E nota diferenças relativamente a outras forças de segurança: "Nós precisamos de motivar quem está cá, porque eu vou dar um exemplo muito simples: a guarda prisional e a PSP são equiparados a nível remuneratório, mas a nível de carreiras não são. Um agente da PSP ao fim de cinco anos e oito meses é promovido agente principal. Na guarda prisional, eu tenho 23 anos de serviço e ainda não sou guarda principal. Isto também é motivação. Nós temos de motivar também quem cá está para, porque as pessoas estão saturadas, estão cansadas. Temos guardas prisionais a entrar em burnout devido excesso de trabalho. É isso que nós pedimos."
Os dois reclusos que se evadiram na segunda-feira do Estabelecimento Prisional de Alcoentre, no concelho de Azambuja, distrito de Lisboa, foram capturados esta terça-feira de manhã, pelas 06h40, adianta a GNR em comunicado.

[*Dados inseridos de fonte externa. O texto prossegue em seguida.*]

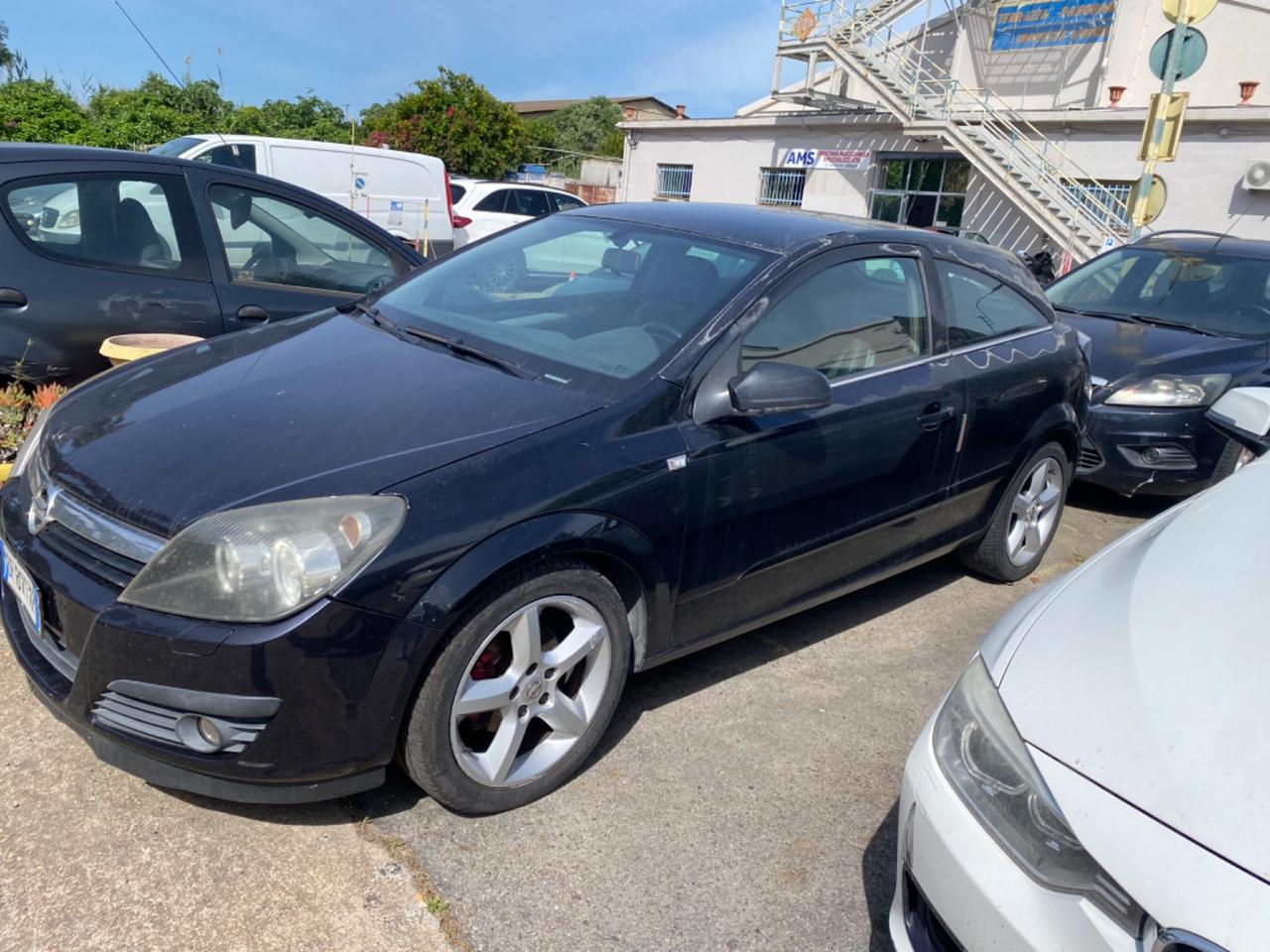 Opel Astra GTC 1.7 CDTI 101CV 3 porte Cosmo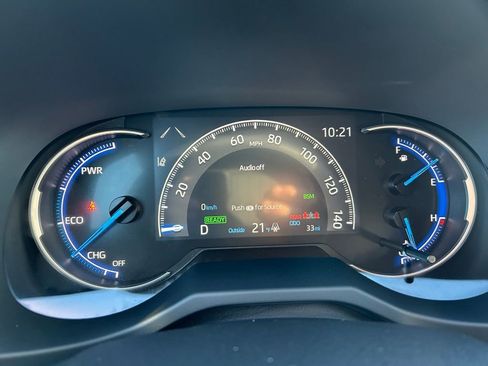 Used 2025 Toyota RAV4 SE image 29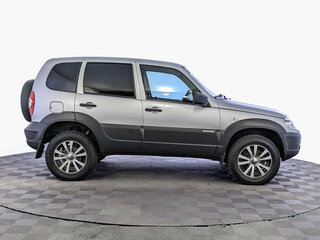 2017 Chevrolet Niva I Рестайлинг, серебристый, 745000 рублей, вид 4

Em declarações à TSF, o capitão João Costa, do Destacamento Territorial de Alenquer, explica que a captura aconteceu após uma denúncia feita por volta das 03h00. "Andámos a rondar, tivemos muitos meios no local, tivemos os meios de vigilância aérea, não conseguimos dar com nada. Quando nós já estávamos a dar por determinadas as buscas, a patrulha de ocorrências começou a seguir algumas pistas que conseguiram encontrar: umas pegadas no chão, um barraco com alguns vestígios de que tinha lá estado pessoal. Entretanto, os militares continuaram a bater a zona e depararam-se com eles", explica.